Joselito Calderón haciendo de Teo García Egea en el palco venteño


Ignacio Ruiz Quintano
Abc

    Ciudadanos y populares, que van de constitucionalistas, votaron en su día el delito de odio (el Derecho ya no se ocupa sólo de los actos, sino también de las intenciones, invento del Comité de Salud Pública, verdadero modelo constitucional de esta gente) y ahora votan el “negacionismo” de género.
    
Con los populares, por un lado va el folio de su portavoz, Álvarez de Toledo, y por el otro, el pañuelo de su secretario, Teo, cuyo asesor artístico (¡el Joselito Calderón del palco democrático!) es… Zapatero, que dice cuántas orejas dar o qué toros echar al corral.
    
Ciudadanos, nacido de la vocación de pasar del Estado de partidos al Estado de partido único (consenso, consenso y consenso), se queda como la reserva española del liberalismo de Estado, y Mussolini nunca dijo su todo para el Estado, nada fuera del Estado y nada contra el Estado con la unción que lo dice Edmundo Bal, abogado del Estado, al que llaman abisinio, que cuando él se quita la mascarilla a uno le sale tararear “Faccetta nera, bell’abissina”. Les faltaba su Dino Grandi, conde de Mordano, para quien la principal belleza del liberal de Estado era el amor, y la prensa del corazón nos cuenta que también lo han encontrado, pero disfrazado de D’Annunzio.
    
Cuando una mujer ha sido amada por Gabriel, ya no habrá en el mundo amor que la satisfaga –confesó Isadora Duncan.
    
La función de este liberalismo de Estado es hacer de póliza para las leyes de luz de gas del totalitarismo rampante.
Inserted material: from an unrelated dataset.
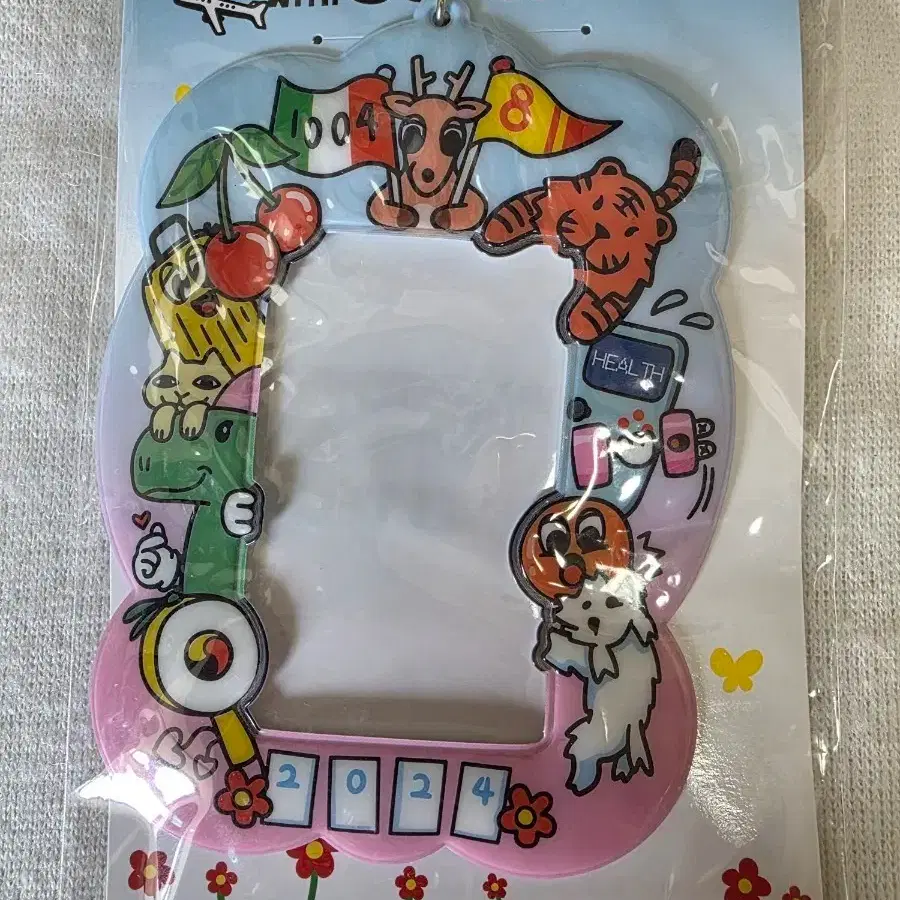 Seventeen Nanan tour poca holder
El totalitarismo te niega la realidad para sacarte de ella: contra la opinión pública de que hoy es viernes, la opinión institucional de que hoy es cualquier día de la semana menos viernes; si insistes en el viernes, incurrirás en “negacionismo”, y el Estado de Derecho (el Derecho que hace el gobierno) te meterá el cuerno. Votarlo es mala fe, cuyo acto primero, según Sartre, se lleva a cabo “para huir de lo que se es”.

    Que lo malo de la mala fe no está en lo que tiene de “mala”, sino en lo que pide de “fe”.